This is the mail archive of the
gcc@gcc.gnu.org
mailing list for the GCC project.
Re: [C++] GCC tree linkage types
- From: Chris Lattner <sabre at nondot dot org>
- To: Ian Lance Taylor <ian at wasabisystems dot com>
- Cc: Matt Austern <austern at apple dot com>, <gcc at gcc dot gnu dot org>,Gabriel Dos Reis <gdr at integrable-solutions dot net>,Richard Henderson <rth at redhat dot com>
- Date: Fri, 7 Nov 2003 09:15:49 -0600 (CST)
- Subject: Re: [C++] GCC tree linkage types
> > Exactly, but what about the last copy? If it is unreferenced, can it be
> > deleted?
>
> In GNU linker terminology, no, the last copy of a linkonce symbol may
> not be deleted.
Then you're talking about what I called 'weak', for lack of better
terminology. I'm interested in dividing objects between the 'linkonce'
and 'weak' types, as I described them in the initial email.
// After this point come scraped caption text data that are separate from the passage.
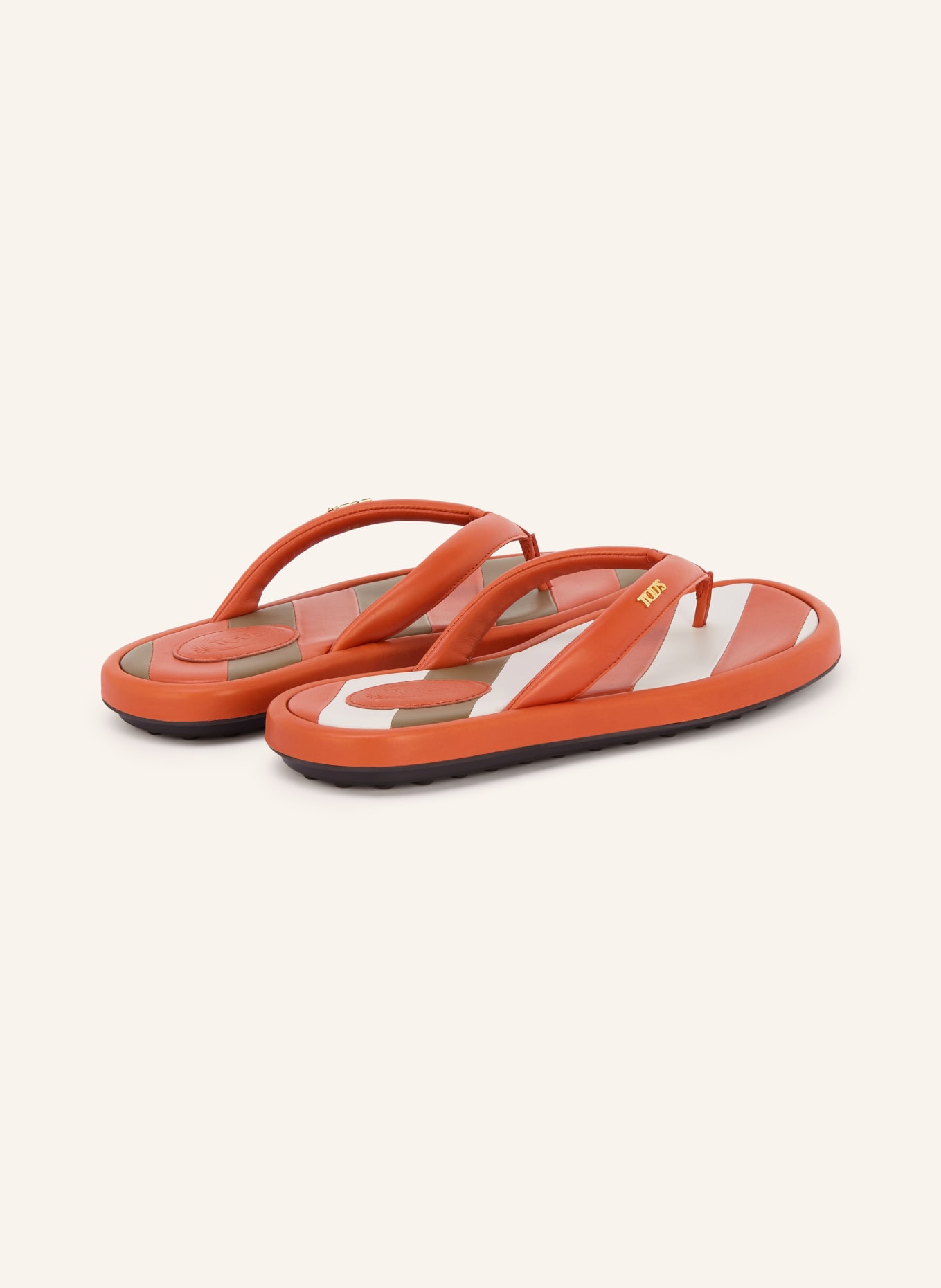 TOD'S GOMMA toe separator: DARK ORANGE / TAUPE
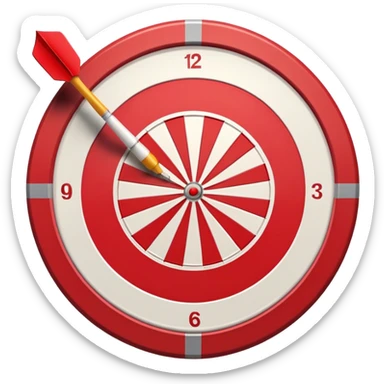 red and white dart board without dart sticker
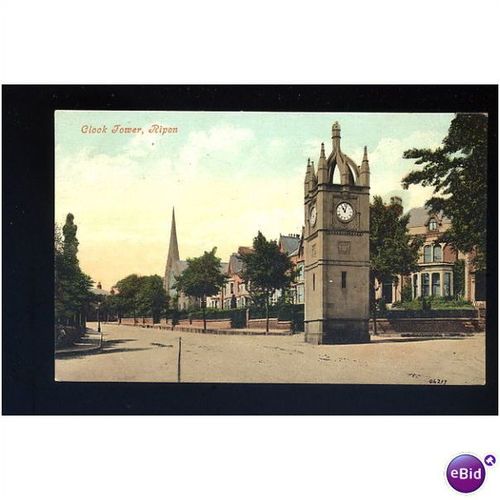 Yorkshire RIPON Clock Tower Postcard by Valentine 04217
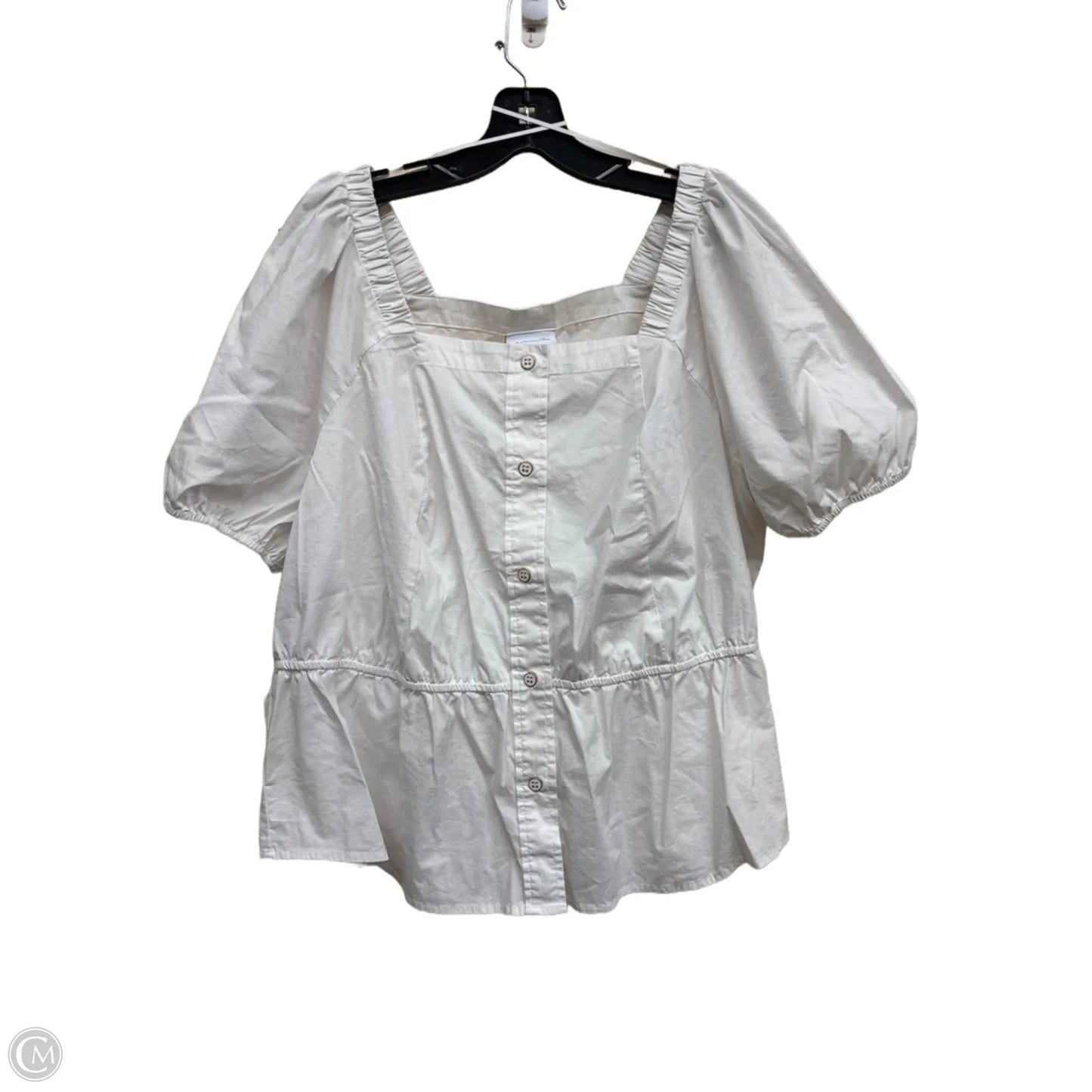 Top Short Sleeve By Liz Claiborne In White, Size: 1x
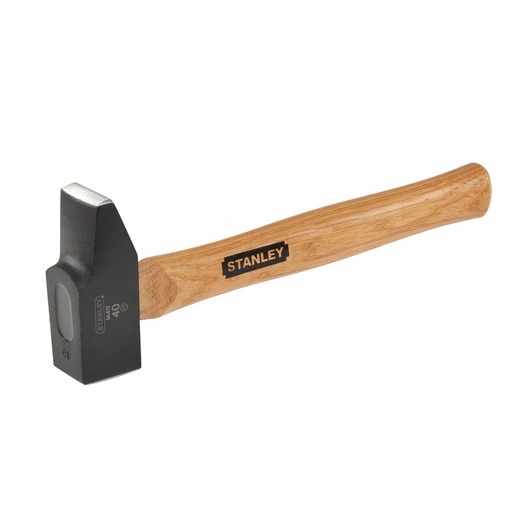 STANLEY hammer with wooden handle and rectangular steel head, tool for construction or carpentry.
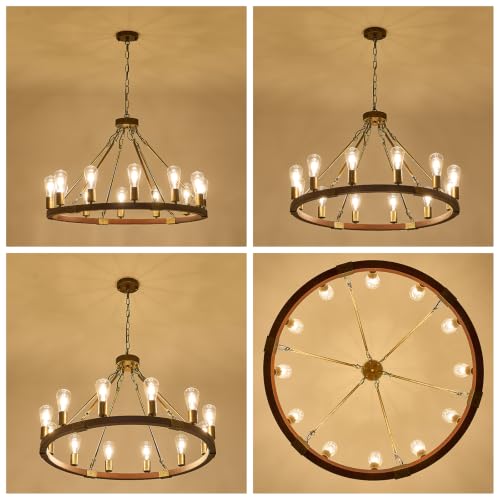 Farmhouse Wagon Wheel Chandelier 31" Rustic Gold Chandelier for Dining Room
> I agree that the concept makes sense. It's just that the name
> `linkonce' means something else to me--it means ``keep only one
> copy.'' The linker name for what you are describing is a provided or
> provisional symbol--a symbol which is defined only if it is required.
I appologize for that, all of this terminology is heavily overloaded, and
I'm not helping. :(
> I'll note that the GNU linker also supports garbage collection of
> unused symbols, but that works for any kind of symbol.
As does LLVM.
> > > > * weak (like linkonce, but cannot be deleted if they are unused in a
> > > > xlation unit)
> > >
> > > I wouldn't say that weak symbols merge; I would say that weak symbols
> > > are hidden by strong symbols, or by earlier weak symbols.
> >
> > In a compiler where you can _physically delete_ globals, the definitions
> > are the same: "hiding" is the same as deleting one copy.
>
> To me they are not the same; see below.
>
> > > You didn't mention common symbols, which really do merge. Even g++
> > > can generate common symbols when using the -fconserve-space option.
> >
> > What is the difference between common symbols, and either weak or linkonce
> > symbols, as defined above?
>
> Common symbols are based on FORTRAN common statements, and they are
> also used in traditional C implementations for global variable
> definitions with no initialization. A common symbol specifies only a
> size--the linker is responsible for allocating uninitialized memory in
> the specified size.
I understand that. These variables become 'weak' variables in the LLVM
terminology.
> When the linker sees two common symbols with the same name, it merges
> them and uses the larger of the sizes. That is, two common symbols
> with the same name may have different sizes, and the result in the
> final executable will be a single symbol with the larger size. This
> is required for traditional FORTRAN common statement semantics.
Make sense.
> From the compiler's perspective, the difference between a common
> symbol and a variable initialized to zero is just that a different
> pseudo-op must be used to define the variable in assembly language.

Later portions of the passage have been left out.